Days of Wine and Leftovers

How to be polite to people who aren't

Since avoiding her altogether is not possible, how should I handle a know-it-all who isn't credible and has on occasion led others astray?

Sincerely,
Frustrated in San Francisco

Dear Frustrated Madam or Sir,

The know-it-all is an annoying conversation partner – and I'm sure the co-worker you describe can vouch for this as well as you can.

Of course, you have the facts and she doesn't, apparently, and this makes her doubly irritating to you. I wonder, though, why you feel the need to correct her at all, especially if you're discussing, as you say, a matter of opinion. If she's argumentative about issues related to your job, you could discuss the matter with a supervisor. But if she simply won't be swayed from her belief that the Finnish government has established secret colonies on Mars or that Liza Minnelli has never won a Tony Award, well, why waste your breath? It's a fact – and a terrible pity – that many people just can't disagree without unpleasantness.

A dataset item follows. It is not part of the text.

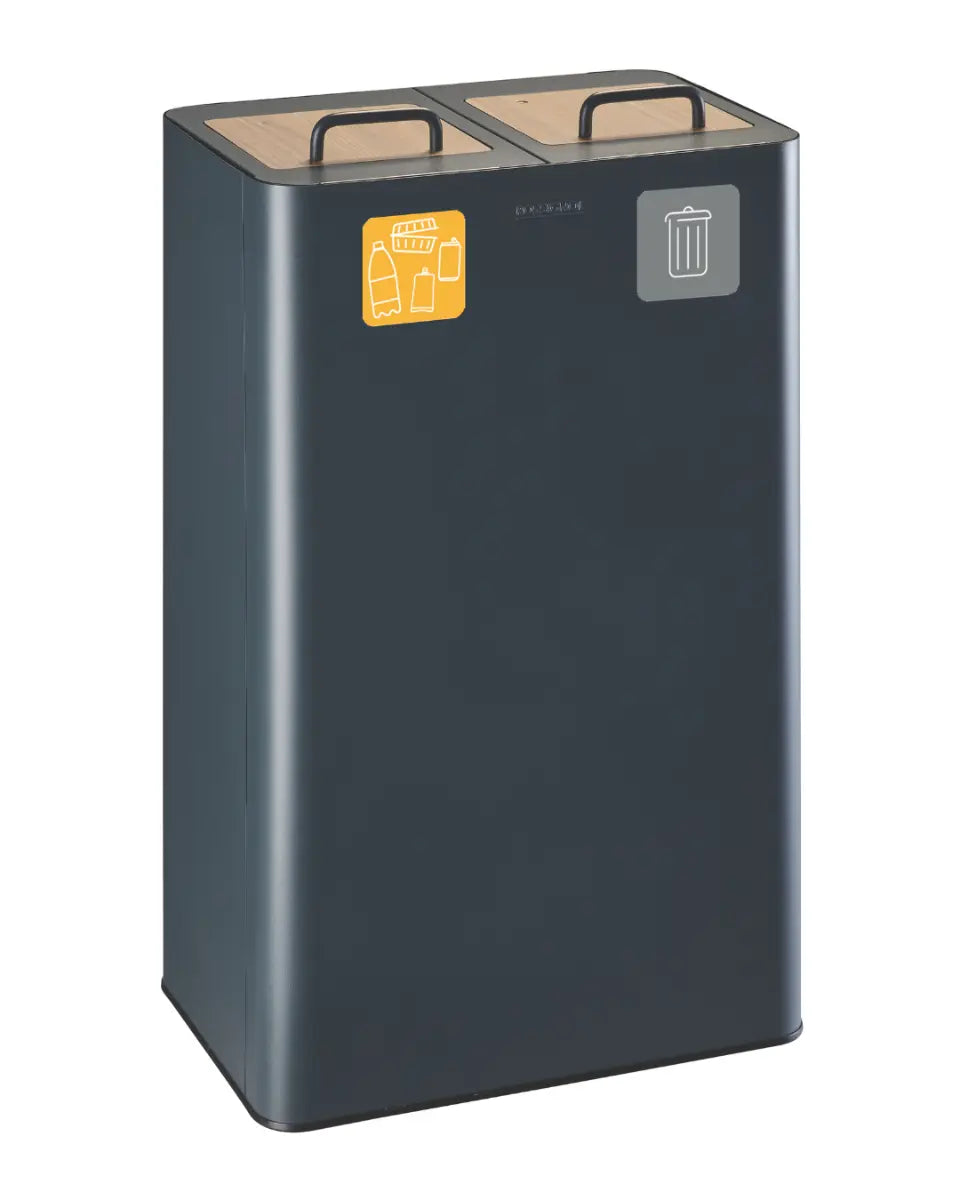 Poubelle de tri sélectif 2X40L avec couvercles Venus Signature Rossignol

You know that what this woman says may not be factual. And although your protective instinct is noble, you'll have to let other grown-ups reach that conclusion for themselves. Beyond saying, "Is that really true? I've never heard anything like that before," or, "Perhaps you're mistaken? I'm a big fan, and I'm certain she won one for The Act, at least," I'd suggest agreeing to disagree with her on such topics. If your colleague becomes unpleasant when you try to discuss a matter in detail, limit your conversation with her – at least to topics you agree on.